I'm around tomorrow but then traveling the next two weeks (with
no connectivity the first week) so I unfortunately won't be able
to fix whatever this change might break until the week of May 6.

Jeff, if you have an aarch64 tester that could verify this patch
tomorrow that would help give us some confidence.  Otherwise,
another option to consider for the time being is to xfail
the tests on aarch64.

Thanks
Martin

gcc-89797.diff

PR middle-end/89797 - ICE on a vector_size (1LU << 33) int variable

gcc/ChangeLog:

        PR middle-end/89797
        * tree.h (TYPE_VECTOR_SUBPARTS): Correct computation when
        NUM_POLY_INT_COEFFS == 2.  Use HOST_WIDE_INT_1U.
        * config/aarch64/aarch64.c (aarch64_simd_vector_alignment): Avoid
        assuming type size fits in SHWI.

Index: gcc/tree.h
===================================================================
--- gcc/tree.h  (revision 270418)
+++ gcc/tree.h  (working copy)
@@ -3735,13 +3735,13 @@ TYPE_VECTOR_SUBPARTS (const_tree node)
     if (NUM_POLY_INT_COEFFS == 2)
       {
         poly_uint64 res = 0;
-      res.coeffs[0] = 1 << (precision & 0xff);
+      res.coeffs[0] = HOST_WIDE_INT_1U << (precision & 0xff);


I'm not sure I understand this either before or after.  (precision &
0xff) gives a value in the range 0-255, which is way more than can be
accommodated in a left shift, even for a HWI.

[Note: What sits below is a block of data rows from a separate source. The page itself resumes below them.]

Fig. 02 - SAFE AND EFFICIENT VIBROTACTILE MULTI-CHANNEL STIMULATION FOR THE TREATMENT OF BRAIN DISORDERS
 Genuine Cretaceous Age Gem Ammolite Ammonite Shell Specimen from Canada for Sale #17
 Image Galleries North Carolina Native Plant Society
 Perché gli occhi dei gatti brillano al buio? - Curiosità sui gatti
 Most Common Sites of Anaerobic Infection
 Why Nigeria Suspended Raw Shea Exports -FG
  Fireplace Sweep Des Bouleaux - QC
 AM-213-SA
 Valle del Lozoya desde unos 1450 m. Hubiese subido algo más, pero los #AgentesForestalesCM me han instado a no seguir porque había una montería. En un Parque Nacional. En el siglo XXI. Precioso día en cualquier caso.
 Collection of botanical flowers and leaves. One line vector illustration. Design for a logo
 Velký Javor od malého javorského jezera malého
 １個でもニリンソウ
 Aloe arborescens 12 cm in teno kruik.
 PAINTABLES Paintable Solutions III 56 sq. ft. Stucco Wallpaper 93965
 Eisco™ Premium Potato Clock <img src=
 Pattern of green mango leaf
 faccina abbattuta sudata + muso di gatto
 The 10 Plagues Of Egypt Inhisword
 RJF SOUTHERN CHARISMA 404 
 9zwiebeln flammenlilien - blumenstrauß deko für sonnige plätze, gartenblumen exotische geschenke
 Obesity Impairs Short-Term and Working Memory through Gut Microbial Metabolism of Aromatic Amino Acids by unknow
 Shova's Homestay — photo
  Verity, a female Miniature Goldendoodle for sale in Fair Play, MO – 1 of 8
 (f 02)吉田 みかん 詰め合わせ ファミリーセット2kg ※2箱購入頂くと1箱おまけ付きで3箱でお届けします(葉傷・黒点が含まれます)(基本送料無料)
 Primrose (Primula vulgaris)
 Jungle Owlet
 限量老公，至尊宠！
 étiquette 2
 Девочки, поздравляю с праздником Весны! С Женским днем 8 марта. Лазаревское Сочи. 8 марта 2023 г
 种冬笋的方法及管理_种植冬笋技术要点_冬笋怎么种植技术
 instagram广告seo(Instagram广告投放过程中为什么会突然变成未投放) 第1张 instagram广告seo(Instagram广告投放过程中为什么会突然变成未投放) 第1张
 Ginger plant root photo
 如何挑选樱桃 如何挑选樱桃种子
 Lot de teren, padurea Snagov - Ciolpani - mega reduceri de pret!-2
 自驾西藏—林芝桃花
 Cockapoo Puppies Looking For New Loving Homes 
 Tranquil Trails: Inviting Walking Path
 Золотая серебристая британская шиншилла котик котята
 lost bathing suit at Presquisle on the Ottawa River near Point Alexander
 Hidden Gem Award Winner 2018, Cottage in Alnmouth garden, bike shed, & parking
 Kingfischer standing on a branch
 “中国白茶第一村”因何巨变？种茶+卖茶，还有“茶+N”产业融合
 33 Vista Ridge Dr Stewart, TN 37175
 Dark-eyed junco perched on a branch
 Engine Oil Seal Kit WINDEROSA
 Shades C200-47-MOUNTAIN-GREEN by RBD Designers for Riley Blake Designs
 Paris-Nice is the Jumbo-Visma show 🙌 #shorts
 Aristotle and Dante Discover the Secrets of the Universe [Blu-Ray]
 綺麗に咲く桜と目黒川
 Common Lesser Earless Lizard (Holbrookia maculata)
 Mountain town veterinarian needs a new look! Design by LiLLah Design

For the record: the problem is that we have two coefficients that are
logically both in the range 1<<[0,63], needing 6 bits per coefficient
and 12 in total.  But precision is only 10 bits. :-)  Fortunately,
coeffs[1] is in practice either 0 or equal to coeffs[0], so we can encode
it in a single bit.

A 0x100/0xff split seemed easier to optimise than a 0x40/0x3f split.
E.g. 0xff can be loaded directly from memory as a byte.  There's not
going to be much in it either way though.

         if (precision & 0x100)
-       res.coeffs[1] = 1 << (precision & 0xff);
+       res.coeffs[1] = HOST_WIDE_INT_1U << ((precision & 0x100) >> 16);


And this equally doesn't make sense >>16 will shift the masked value out
of the bottom of the result.


Yeah, we should keep the original shift amount and just do
s/1/HOST_WIDE_INT_1U/.


Sorry, I confused things with the 16 bit shift thinko (I meant
to shift by 8 bits).  But I don't understand how poly_int works
at all so the shift was just a wild guess thinking the purpose
of the split was to allow for precisions in excess of (1 << 63).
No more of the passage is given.